In FIG. 3, an embodiment of an electrical power cable 15 used as weight means 10 is shown. The electrical power cable 15 is a multicore cable comprising three conductors 16 adapted for guiding an alternating current, for instance at a voltage level between 100 kV and 500 kV, in particular 132 kV, 220 kV, or 400 kV. The electrical power cable 15 may be used to transfer electrical power of at least one wind turbine 5 and/or electrical power, which is not used in the offshore facility 3, from the offshore facility 3 to the further facility 4 or vice versa.

Each of the conductors 16 comprises an insulation 17 arranged around the conductor 16. The electrical power cable 15 further comprises three communication cables 18, which each comprise a bundle of glass fibres and which are embedded together with the conductors 16 and the insulation 17 in an additional insulating material 19. The electrical power cable 15 is surrounded by an armour 20, for instance comprising a plurality of steel rods, which are embedded in an outer serving 21, for instance a layer of yarn and/or bitumen.

In FIG. 4, an embodiment of a gas transportation arrangement 1 is depicted. The gas transportation arrangement 1 comprises a gas transportation tube 9 and an electrical power cable 15. It is in particular possible that in this and in the further embodiments, the gas transportation tube 9 is provided as depicted in FIG. 2. As electrical power cable 15, an embodiment of an electrical power cable 15 like shown in FIG. 3 can be used in this and in the further embodiments comprising an electrical power cable 15. Alternatively, a single core electrical power cable 15 comprising one single core 16 may be used and/or unarmoured electrical power cables without armour 20 and/or outer serving 21 may be used.

For forming the gas transportation arrangement 1, the gas transportation tube 9 is coupled to the electrical power cable 15, where the electrical power cable 15 is used as weight means 10 of the gas transportation arrangement 1 to counteract a buoyancy of the gas transportation tube 9, hence to prevent the gas transportation arrangement 1 from floating when being arranged under water.

In FIG. 5, a second embodiment of a gas transportation arrangement 1 is shown. The gas transportation arrangement 1 comprises a gas transportation tube 9 and an electrical power cable 15 arranged inside a further tube 22. The gas transportation tube 9 is coupled to the further tube 22, wherein the electrical power cable 15 arranged in the further tube 22 is used as weight means 10 for counteracting the buoyancy of the gas transportation tube 9. The arrangement of the electrical power cable 15 inside a further tube 22 is in particular advantageous, if an unarmoured electrical power cable 15 is used, since by the further tube 22, an additional protection of the electrical power cable 15 is achieved.
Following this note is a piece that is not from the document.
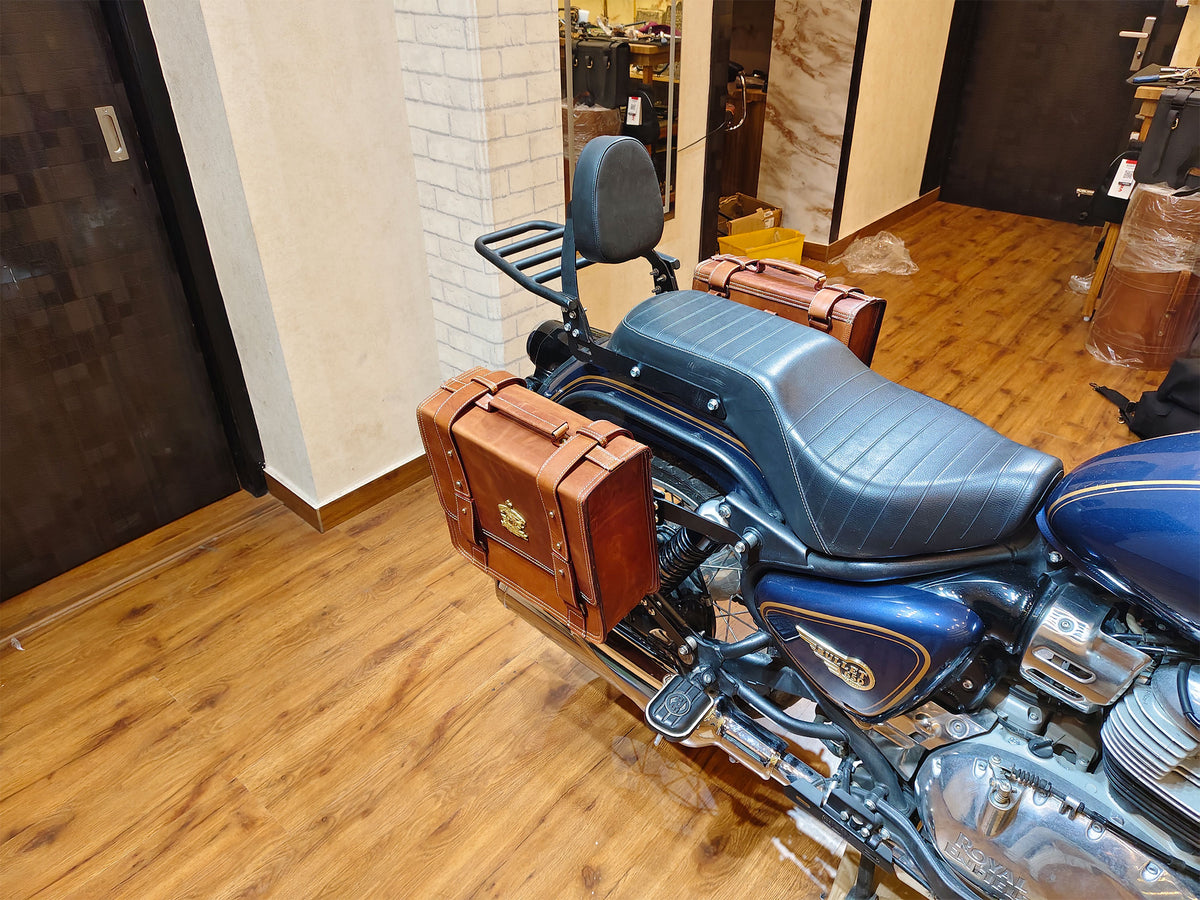 For Royal Enfield Bullet 650 Genuine Leather Pannier Bags With Mounting D10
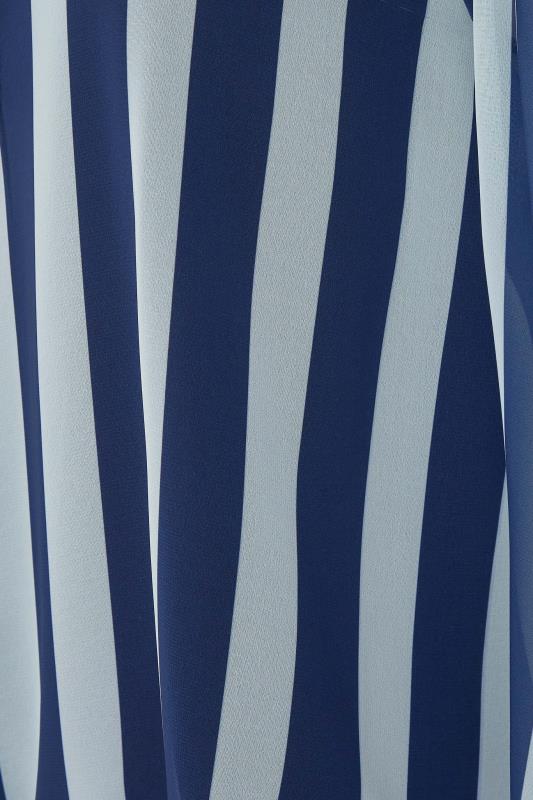M&Co Navy Blue Stripe Tie Neck Blouse | M&Co 5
In FIG. 6, a third embodiment of a gas transportation arrangement 1 is shown. The gas transportation arrangement 1 comprises a gas transportation tube 9 as well as a further tube 22, wherein an electrical power cable 15 is arranged in the further tube 22. Furthermore, an interior 23 of the further tube is filled with a liquid and/or solid medium 24. The medium 24 may be for instance water, which is filled in the interior 23 surrounding the electrical power cable 15, so that the electrical power cable 15 may be cooled after installation of the gas transport arrangement 1 and/or during operation of the gas transportation arrangement 1 using the water in the interior 23 of the further tube 22 and/or a thermal connection created by the water in the interior 23 of the further tube 22 to the surrounding seawater at the seabed 2.

In this embodiment, both the electrical power cable 15 and the further tube 22 can be used as weight means increasing the weight of the gas transportation arrangement 1 so that a stable and secure arrangement of the gas transportation arrangement 1 at the seabed 2 may be conducted.
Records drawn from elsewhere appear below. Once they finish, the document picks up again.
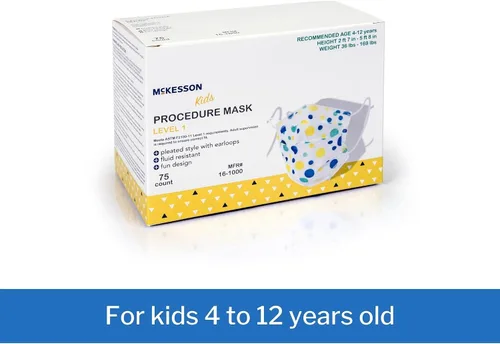 Vista 3 de McKesson Pediatric Procedure Mask Child Size Pleated 16-1000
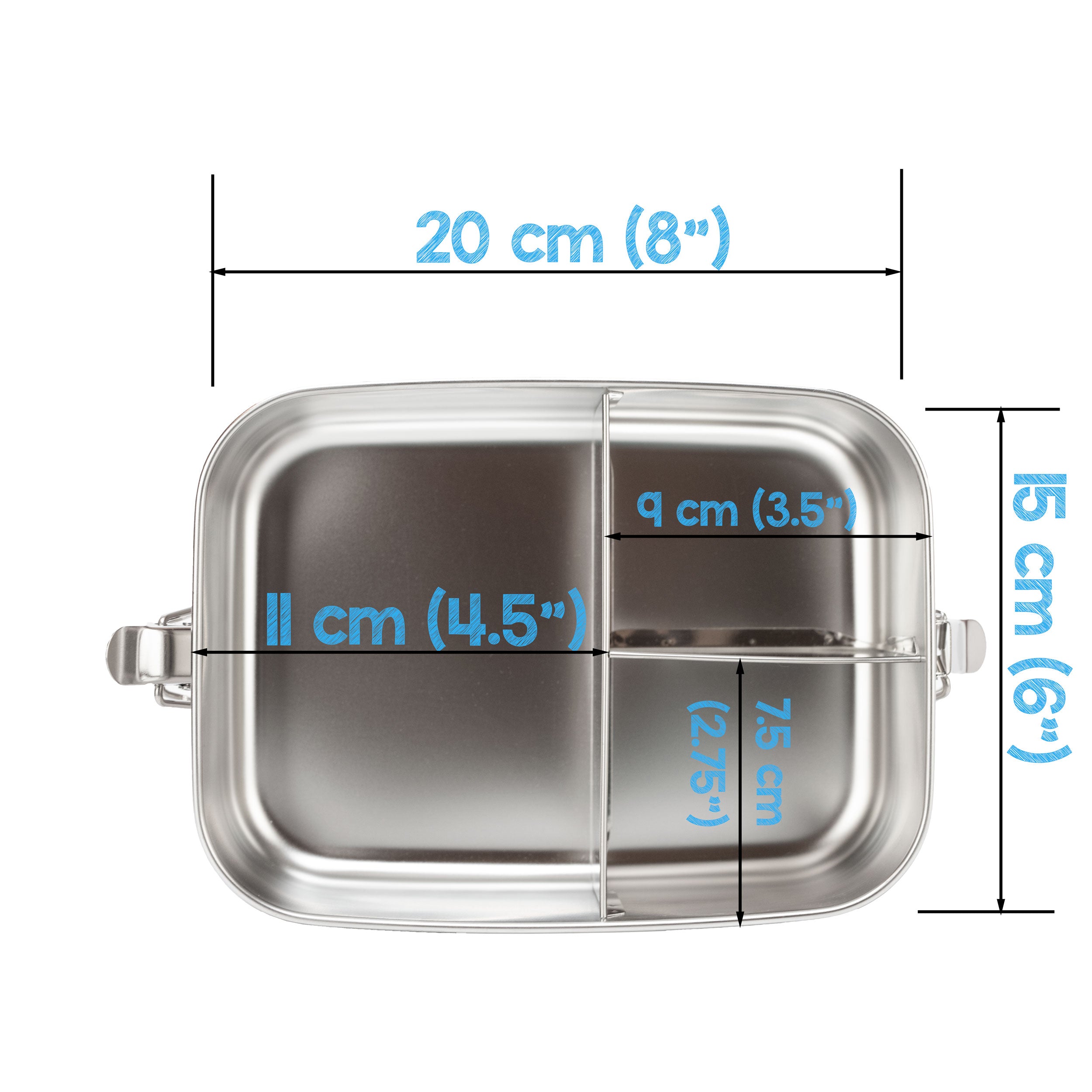 stainless steel 3 compartment bento lunch box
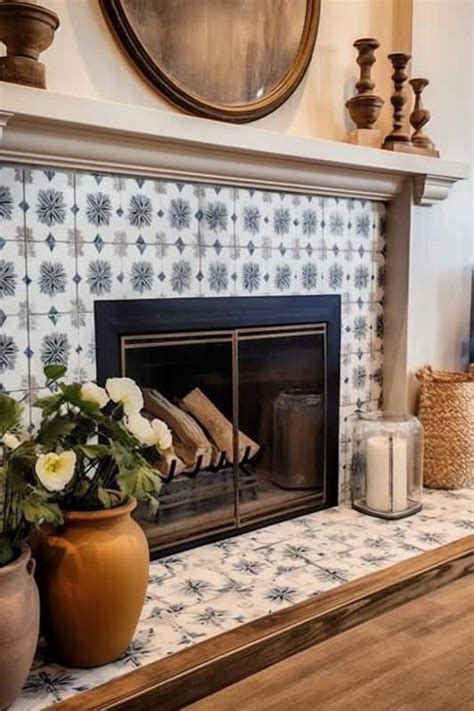 Tiled Fireplace Rustic Spanish Decorative Tiles Framing A Fireplace In
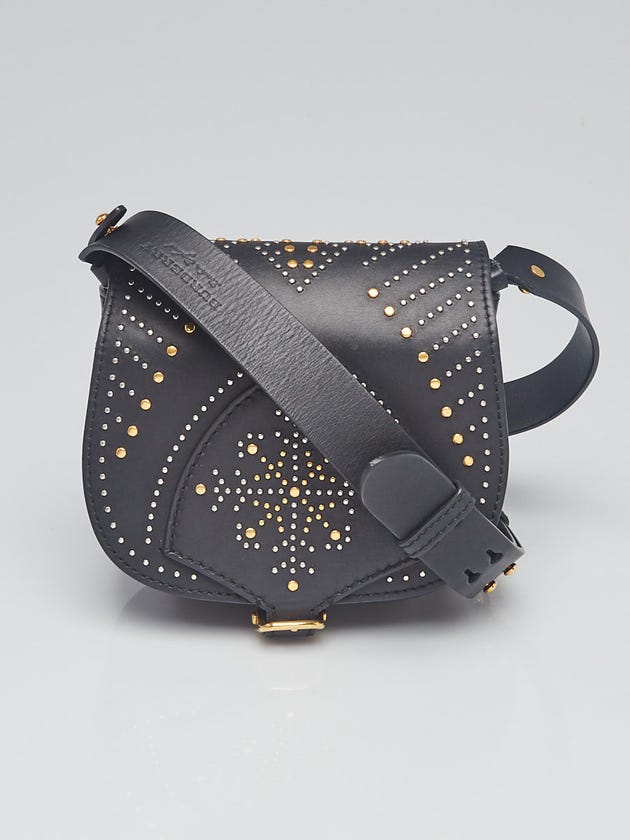 Burberry Black Calfskin Leather Studded Crossbody Mini Satchel Bag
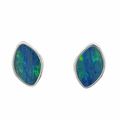 photo of a pair of silver marquise shaped blue-green opal earrings on a white background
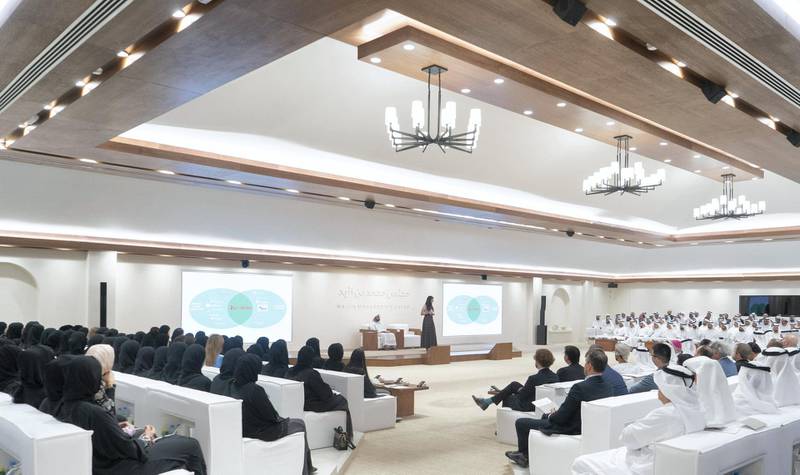 ABU DHABI, UNITED ARAB EMIRATES - May 27, 2019: Guests and dignitaries attend a lecture by Professor Nina Tandon, CEO and Co-founder of EpiBone (on stage R), titled: 'Cellular Ateliers: Regenerative Medicine and the Body Shop of the Future ', at Majlis Mohamed bin Zayed. Seen with moderator Abdulrahman Al Ali (on stage L).

( Rashed Al Mansoori / Ministry of Presidential Affairs )
---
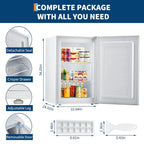 M optimized Upright Freezer, 3.0 Cu.Ft. Compact Mini Freezer with Reversible Single Door, 7 Adjustable Thermostat & 3 Removable Shelves, for Apartment, Dorm, Home, Office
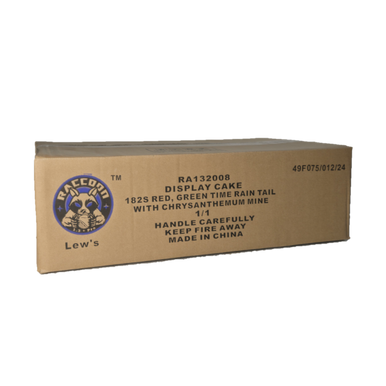 182 SHOT RED, GREEN TIME RAIN TAIL WITH CHRYSANTHEMUM MINE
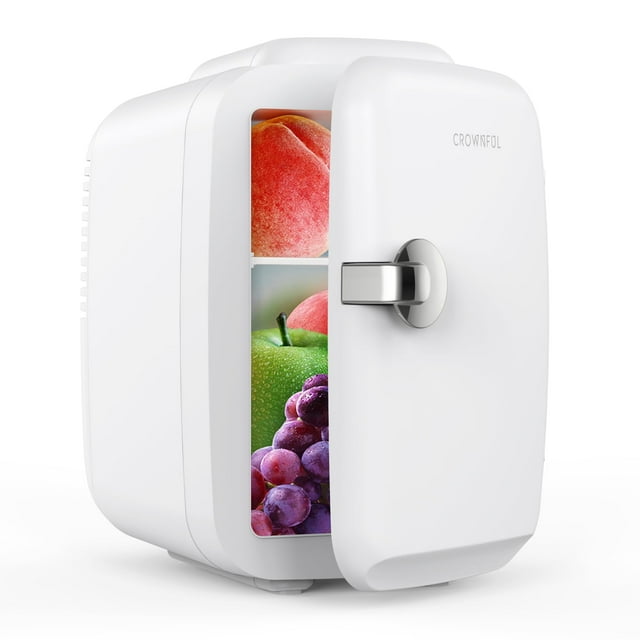 Mininevera CROWNFUL de 4 litros y 6 latas, portátil, color blanco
In FIG. 7, a fourth embodiment of a gas transportation arrangement 1 is shown. The gas transportation arrangement 1 comprises a gas transportation tube 9 and a further tube 22, wherein the interior 23 of the further tube 22 is filled with the liquid or solid medium 24. In this embodiment, the further tube 22 is used as a weight means increasing the weight of the gas transportation arrangement 1. The further tube 22 may be filled with a material like water and/or with a liquid comprising a higher density than the seawater, for instance an oil or the like.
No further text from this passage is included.